Depuis mercredi dernier, il s'est trouvé des gens pour écrire sur internet ; " Orovio = vieux fils de pute, auteur d'un dictionnaire qui excluait Celia Cruz et Willy Chirino simplement parce qu'ils avaient préféré habiter ailleurs qu'à Cuba ". Je peux affirmer ici que Helio considérait Celia Cruz comme la plus grande chanteuse cubaine de tous les temps. Il était son ami. Il avait été scandalisé par la façon dont le régime avait interdit toute mention officielle lors du décès de celle-ci. Toutes les coupes de la première édition du Dictionnaire lui avaient été imposées. La deuxième édition a rétabli une partie des choses dans l'ordre. Quant à la version anglaise éditée par Mo Fini, le patron de Tumi Records, elle est 100% complète.
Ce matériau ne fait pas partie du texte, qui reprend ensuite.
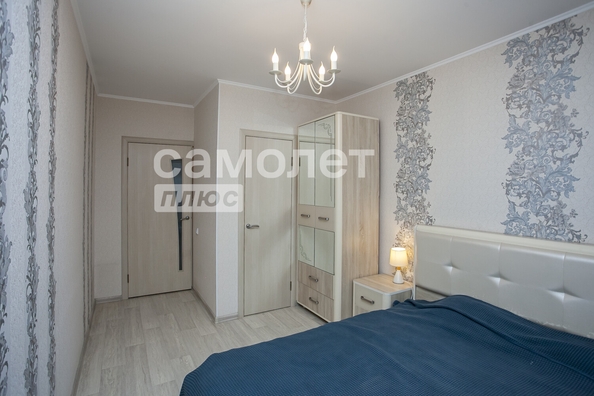 
  Продается 3-комн. квартира 69 м². Фото 4.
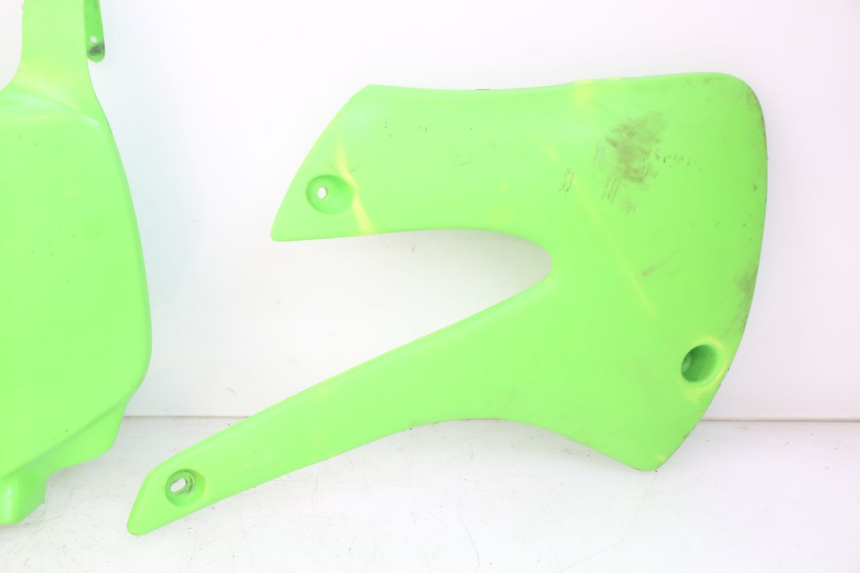photo de CARROSSERIE CARENAGE COMPLET KAWASAKI KX 85 (2001 - 2013)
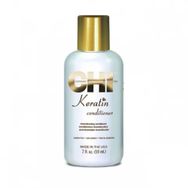 CHI Keratin Conditioner İpek ve Keratin Özlü 59 ml Saç Kremi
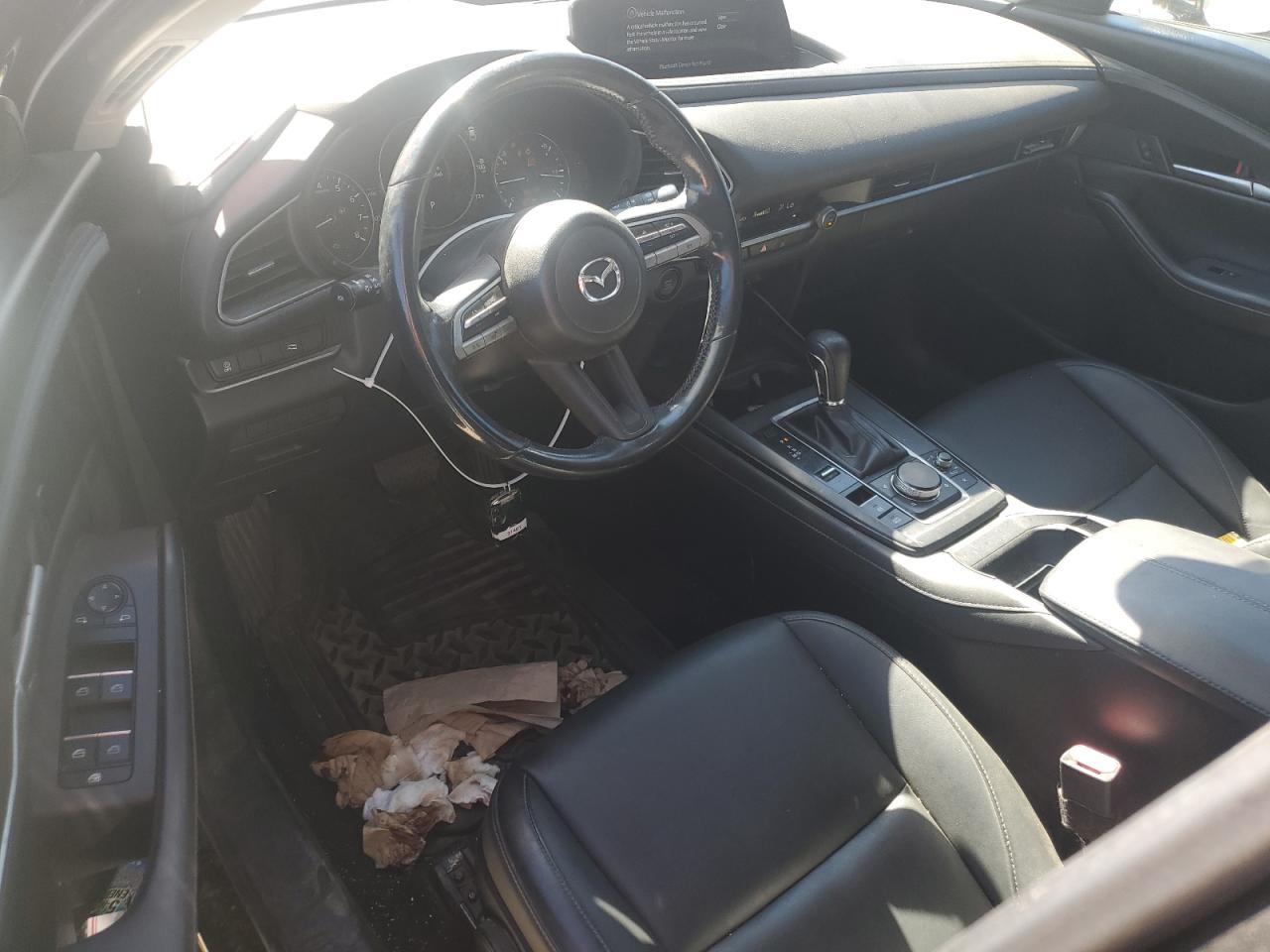 2021 Mazda Cx-30 Select VIN: 3MVDMBBL6MM252202 Lot: 86481585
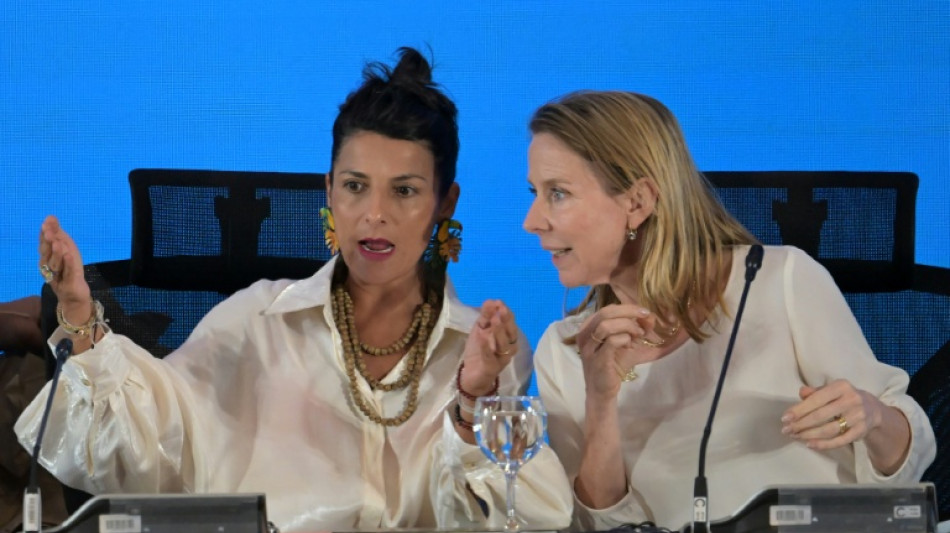 Pontos-chave da primeira confer&ecirc;ncia global para eliminar os combust&iacute;veis f&oacute;sseis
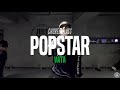 DJ Khaled ft. Drake - POPSTAR | Vata Class | Justjerk Dance Academy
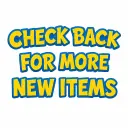 check back for more new items.webp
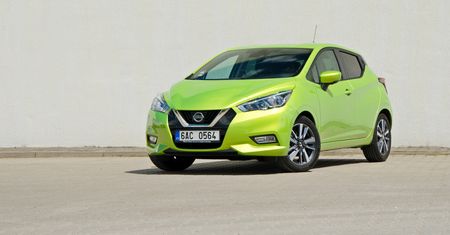 Nissan Micra dużo tańszy. Czy teraz klienci nie będą wychodzili z salonu zawiedzeni?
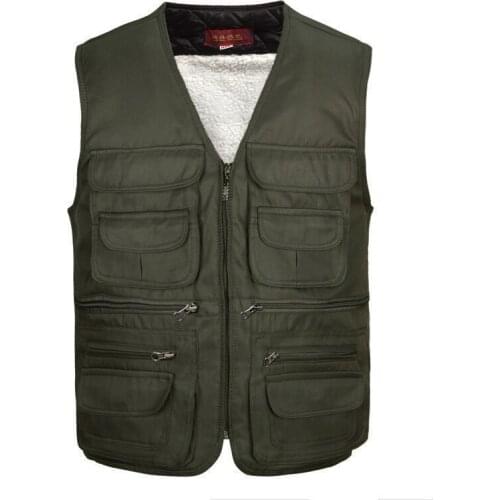 Флисовые жилеты Brieuces China At AliExpress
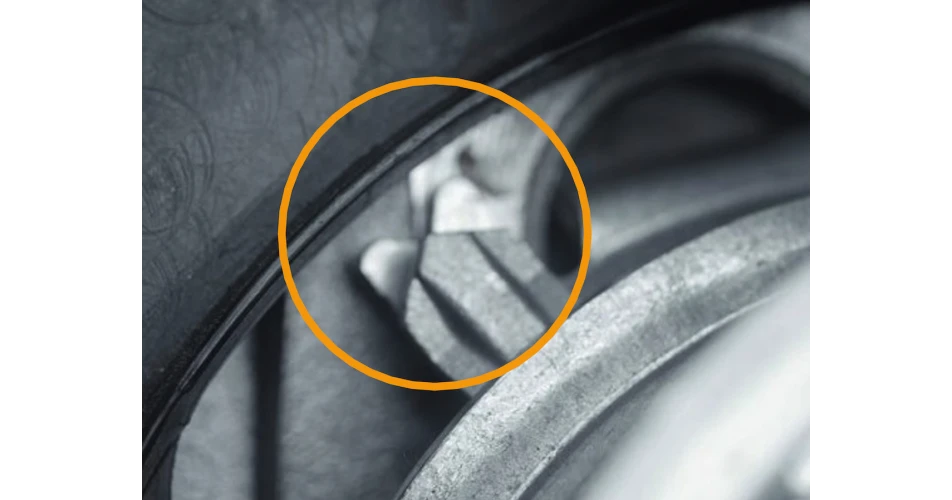 VAG belt noises following installation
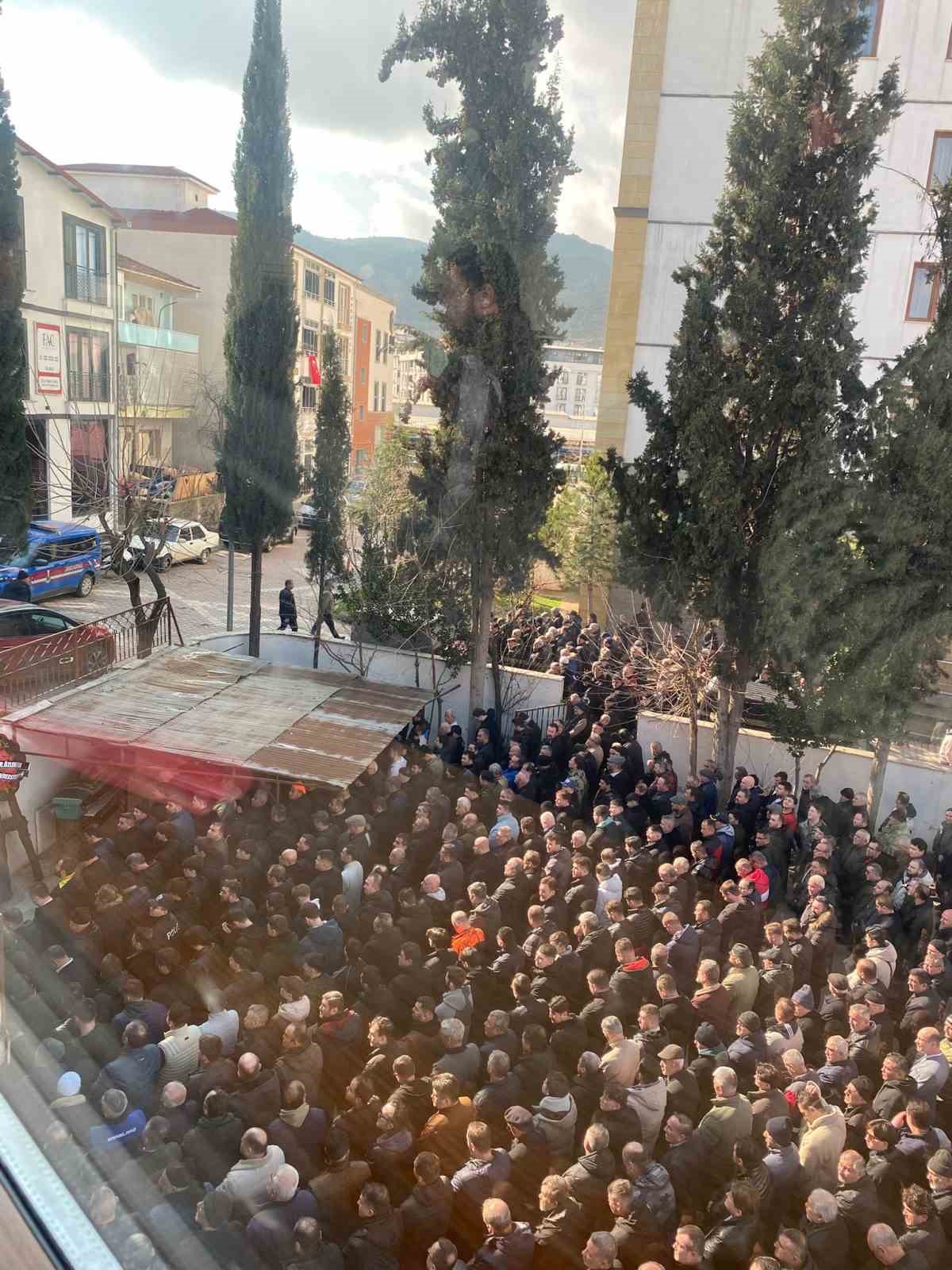 Antalya’daki otobüs kazasının acısı Bilecik’e de ulaştı
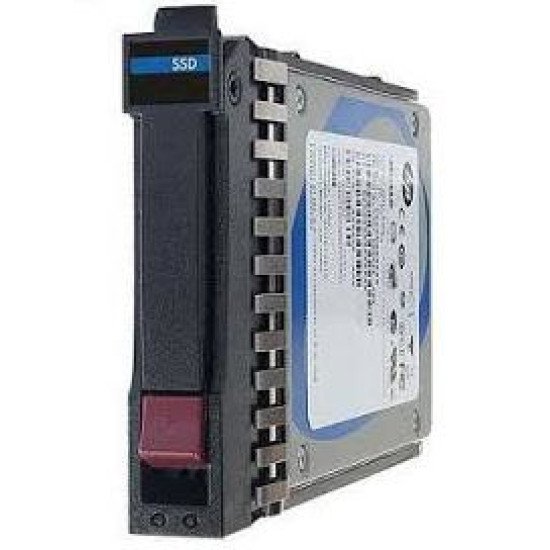 HPE N9X91A disque SSD 2.5" 1600 Go SAS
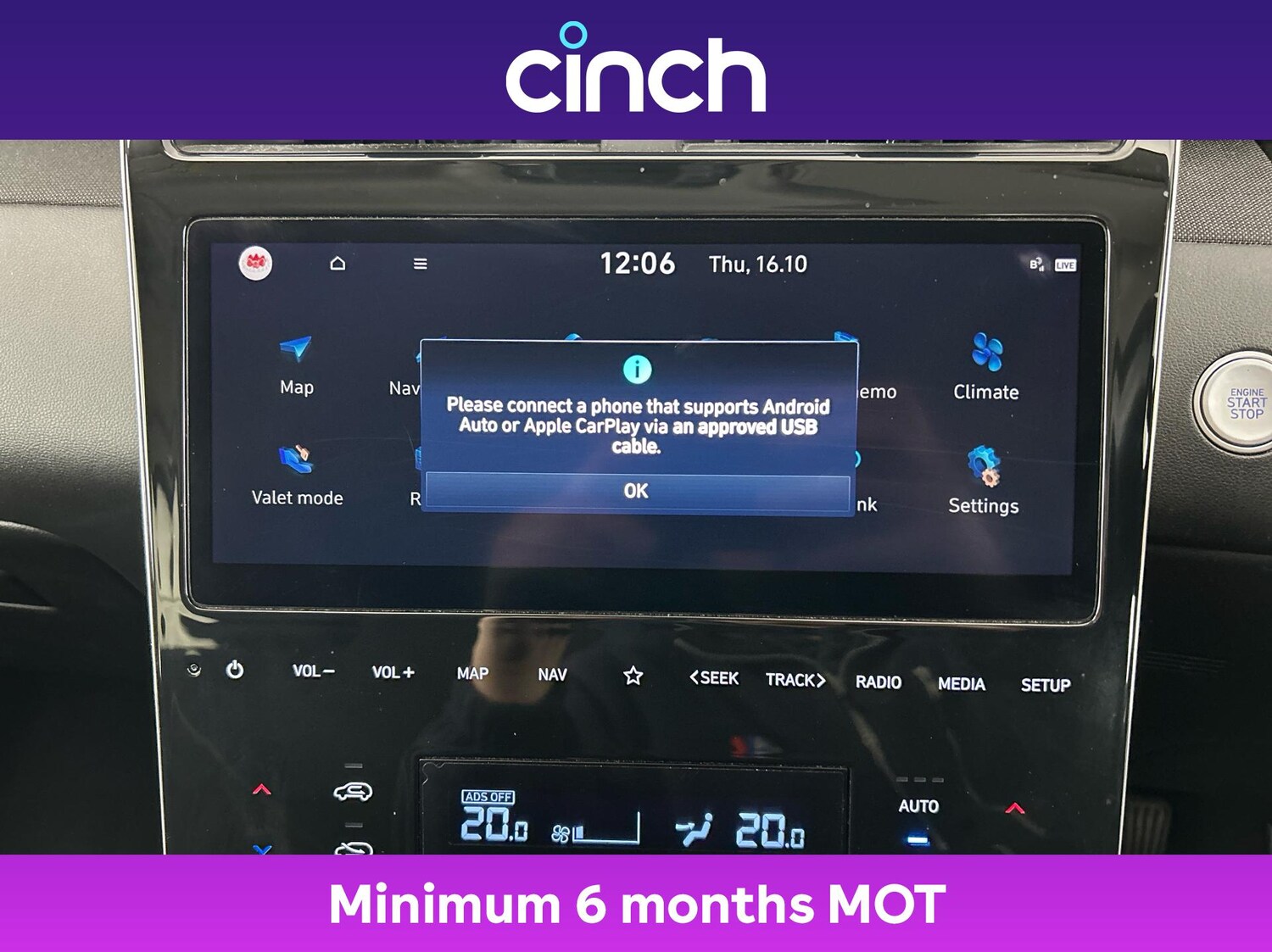 Used Hyundai TUCSON 2022 for sale - 76445683: Photo 32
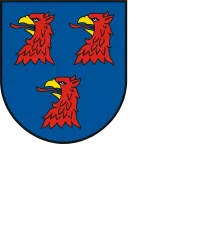 Emblem of Pasewalk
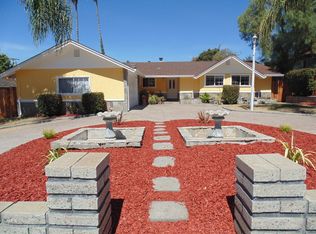 14899 Reynaud Dr, San Jose, CA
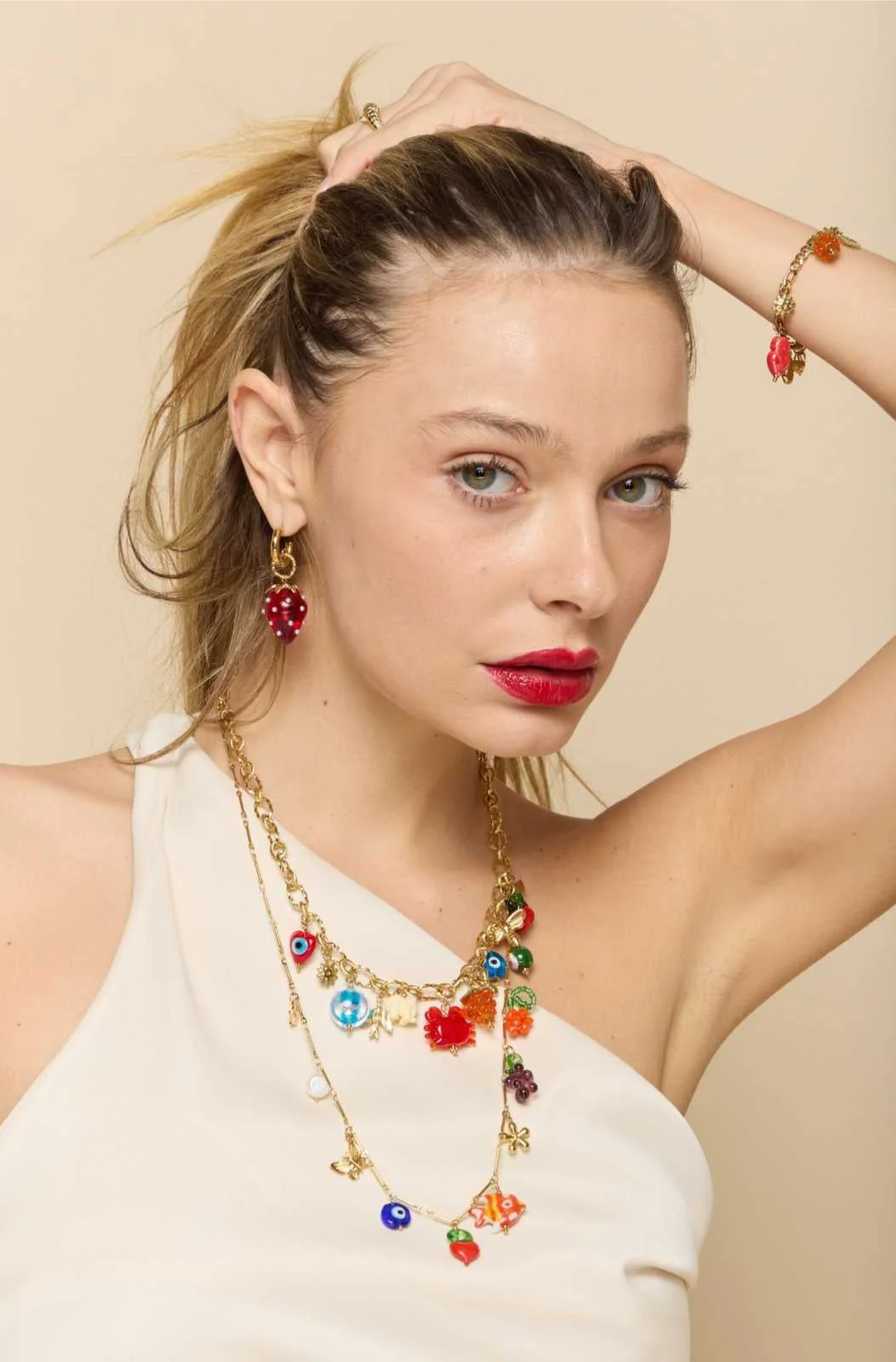 Collier Justine - Image 2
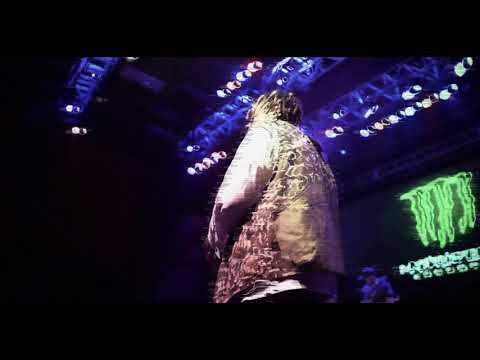 smokepurrp / comethazine / larry june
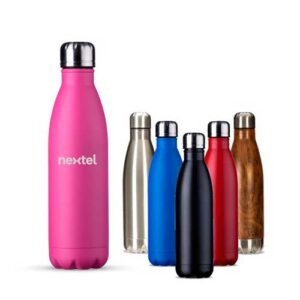Garrafa inox 750ml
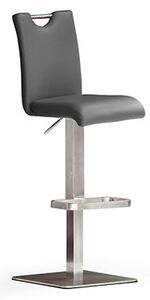 MCA Germany Barová židle Bardo IV Barva: Bílá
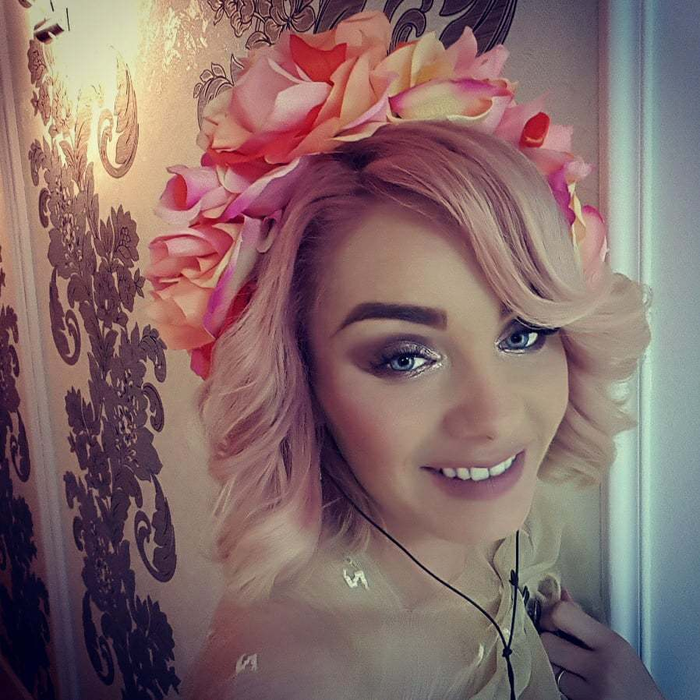 Maria Constantin ar trebui să divorţeze în câteva zile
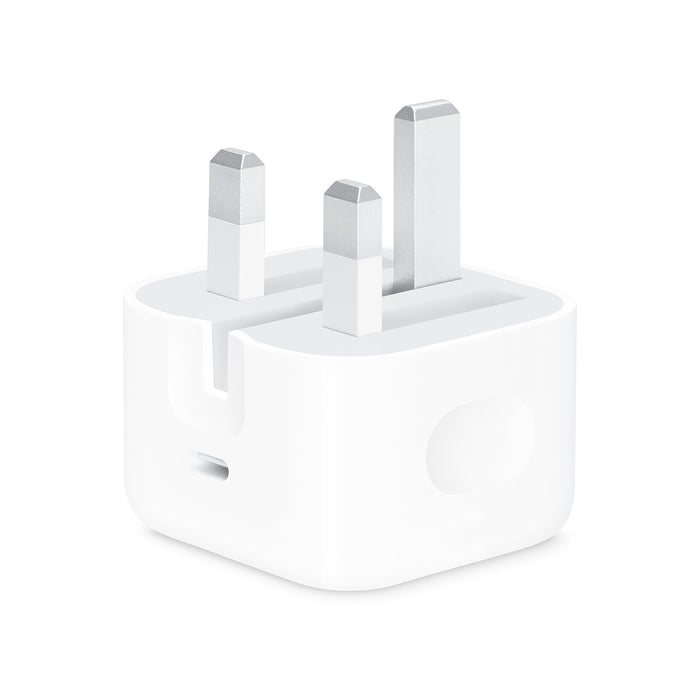Apple 20W USB-C Power Adapter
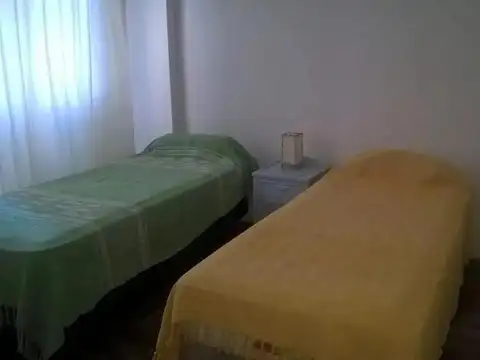 Departamento en Alquiler Temporal en Palermo, Capital Federal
Helio le provocateur se promenait toujours sur son île chérie avec des casquettes de baseball systématiquement marquées 'Miami', 'Key West', 'Florida', 'Everglades' etc. Je ne l'ai jamais vu avec la casquette "Paris" que je lui avait offerte ! Sur internet un crétin raciste a aussi écrit ; 'Helio, grand connaisseur de la musique, surtout connu de lui-même, aimait trop les filles foncées !' Oui, Helio a passionnément aimé les mulâtresses et les noires, mais aussi les rythmes noirs, la culture noire, les racines africaines étroitement entremêlées aux traditions musicales ibériques qui font que Cuba est Cuba et que Cuba est et restera unique.

Helio avait eu une carrière de percussionniste dans les années 50 et il adorait la rumba ou le guaguanco. Depuis deux ans il répétait régulièrement avec le nouveau conjunto Jovenes del Cayo qu'il avait contribué à réactiver. Un CD a même été gravé et le sympathique producteur italien responsable du projet serait bienvenu de vite le commercialiser pour nous confirmer une dernière fois que Helio savait allier le geste à la parole.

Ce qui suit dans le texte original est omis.